That trust was tested in his case when his simple message was deemed so threatening to the exploiting powers that ruled his world, that he was tortured and executed for it. His followers have always revered his death as an event of universal significance for humankind. To understand it was to know the answer to the human dilemma, and to embrace it was “salvation.”  Jesus, obedient unto death, trusted his “Father.” A community of such people threatens the powers that be, because it elicits a compassion and mutual support for one another that no empire can smother or replace. It threatens the fear-of-death / master-slave system with resurrection.

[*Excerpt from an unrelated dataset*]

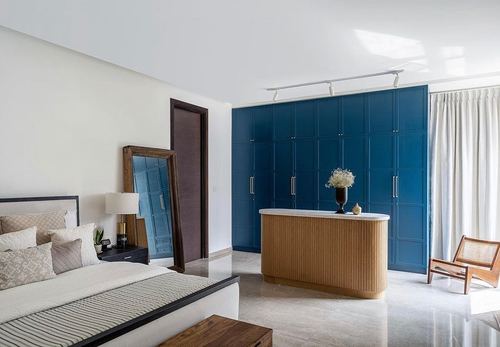 Bedroom with deep blue paneled wardrobes, fluted wood dresser, and floor mirror by bed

But notice: this way of looking at Jesus’ crucifixion sees its significance derived from the universal condition of human emptiness and the accuracy of trust as the human response: it is a dramatic and moving example of trust in a context of utter despair. It does not claim to be doing any more than what is within the reach of any human individual trying to respond authentically to life. In other words, it draws its sacred liberating power from being the right response to the human condition, not from some storehouse of “grace” in another worldIt does not create and confer a unique meaning of its own, introjecting an exogenous “divine” into human life.  The power it transmits is a human moral energy, entirely natural, made available by Jesus’ example and grasped by the empathy of the human individuals who hear, recognize and are moved by his story. Jesus’ “obedience unto death” earned him “a name above every name” among us because he exemplified in a most graphic way the correct universal response to human emptiness.  It is its human universality that makes the cross a transcendent event for humankind.

It is the human condition that gives the cross its meaning, not the other way around.

 

 

2 comments on “Christian Universalism (V)

  1. Michael Ciota says:

    Then Buddha asked Subhuti:

    “What do you think, Subhuti, has the Buddha arrived at the highest, most fulfilled, most awakened and enlightened mind? Does the Buddha teach any teaching?”

    Subhuti: “As far as I have understood the lord Buddha’s teachings, there is no independently existing object of mind called the highest, most fulfilled, awakened or enlightened mind. Nor is there any independently existing teaching that the Buddha teaches. Why? Because the teachings that the Buddha has realized and spoken of cannot be conceived of as separate, independent things and therefore cannot be described. The truth in them is uncontainable and inexpressible. It neither is, nor is it not. What does this mean? What this means is that Buddhas and disciples are not enlightened by a set method of teachings, but by an internally intuitive process which is spontaneous and is part of their own inner nature.”